Work by economists like Mariana Mazzucato has led to growing recognition that many of the key innovations that fueled economic growth were funded by governments. A new report by the Broadbent Institute, More Courageous Bets and Equitable Returns: Challenging Perceptions about Public Investment in Innovation looks at what Canadian governments should be doing differently.
A Globe and Mail Business journalist points out that one of the biggest reasons for Apple's success is technology whose development was funded by the United States government. Apple products like the iPhone or iPad are dependent on publicly funded technology like the lithium battery or liquid crystal display.
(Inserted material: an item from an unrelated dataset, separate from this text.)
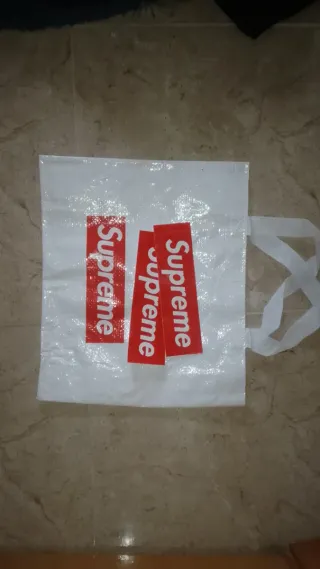 Gorro/beanie Supreme Gris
Newfoundland and Labrador crown corporation Nalcor Energy's mapping project is a small example of how some governments are questioning the assumption that all governments can do to encourage economic development is hand out tax breaks.
This month, Norway's oil revenue fund reached the point where every Norwegian is now a millionaire in Norwegian kroner. As an article in the Tyee shows, this is very different from what has happened with Alberta's oil revenue.
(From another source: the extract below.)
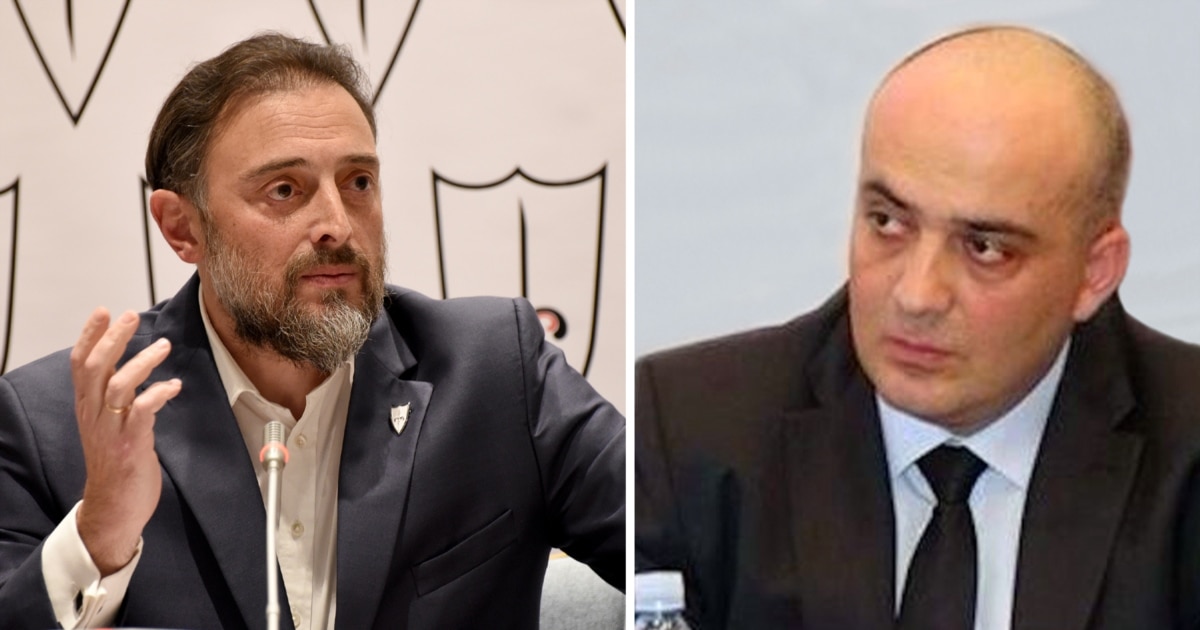 დიდმა ბრიტანეთმა სანქციები დაადო ოთარ ფარცხალაძე-რომანოვს და ლევან ვასაძეს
A new report from the Institute for Research on Public Policy (IRPP) shows that even governments that claim to oppose industrial policies are implementing them.
In The Resurgence of Industrial Policy and What It Means for Canada the authors suggest that the success of countries that are openly pursuing industrial policies and the role industrial policies have played in the past in all developed countries mean more countries will be adopting industrial policies.
In its report card, “How Canada Performs”, the Conference Board of Canada gave Canada a “D” for innovation. It found Canada ranked 14th out of the 17 countries surveyed and lack of innovation was harming the economy.
What makes the report card surprising is that the Canadian government spends more on research and development, as a percent of GDP, than any of the other countries surveyed. The problem is how the money is spent.